An array of free trade agreements (FTAs) coming into effect this year will open up a wide range of new blindingly bright opportunities for the agricultural sector leading to improved investment opportunities along the entire value-chain.
A more perplexing dilemma however, is determining the best business model and strategy to lift agriculture from the production of low value staple food commodities higher up the value chain to make the best of the opportunities.
It was not by chance that the 45th World Economic Forum (WEF) held recently in Davos (Switzerland) placed the issue of food security for more than 7.2 billion people in the world to the forefront of its agenda.
This fact clearly shows the increasingly important role that food producers and suppliers play and most notably highlight Vietnam’s critically important role in ensuring food security in the world.
However, despite being one of the world’s leading agro-forestry-fishery exporters, Vietnam’s agriculture reveals weaknesses— low value products at cheap prices, inefficient use of land and natural resources, limited agricultural investment and poor hygiene and food safety.
With the current status of productivity and quality of agricultural products, Vietnamese farmers and businesses are in a pickle to take advantage of the coming golden opportunities absent extensive investment and renovation. Thus, opportunities could be missed and leave Vietnam stagnant, producing low value commodities.

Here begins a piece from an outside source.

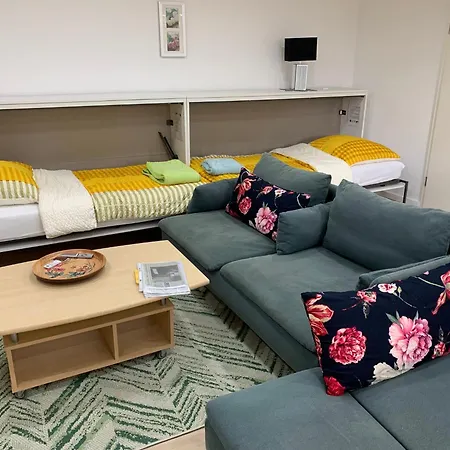 Wohnen Am Historischen Rathaus 公寓 米歇尔施塔特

Investors from the Republic of Korea, Australia and Japan are actively looking for favourable investment opportunities and have embarked on a number of land lease projects for production, processing and exports in Vietnam.
If Vietnamese farmers are off the mark in negotiating these agreements they could find themselves simply working as farm labour for foreign investors, or in other words – they will just be employees on their soil.
In the face of limited agricultural investment, foreign direct investment (FDI) inflows in agriculture are invaluable. Therefore it is critically important that these agreements be structured in a manner that enables local farmers and agro businesses to team up with foreign investors on an equal partnership basis.
On a positive note, in recent times, a series of big enterprises across many fields have shifted their investment in the agricultural sector to large-scale agricultural projects based on high-tech models which have brought higher efficiency.
The expanding capital inflows into the agricultural sector show that sufficient resources to restructure the sector are available – it’s just a matter of sitting down at the negotiating table and working out the details.
To this end however, businesses need the support of the government and more incentives to help entice foreign investors to fund land and infrastructure purchases as well as acquire the necessary technologies to revamp the agriculture sector.
To call for more agricultural investment, the Vietnam Ministry of Agriculture and Rural Development (MARD) has been working hand in hand with multinational groups to implement the public–private- partnership (PPP) model.
Additionally, the MARD, last year, drafted a strategy for attracting FDI in the agro- forestry- fisheries sector until 2030 for submission to the Prime Minister for approval.
Agriculture is the biggest advantage of Vietnam’s economy and it logically follows therefore that agricultural restructuring is crucially important in negotiating free trade agreements. Restructuring is seen as a monumental opportunity that will benefit the whole national economy.
Successful restructuring will not only enable Vietnam to become an agricultural power, but also a promoter of the industry and service sectors in furtherance of transforming into an industrialized and modern nation by 2020.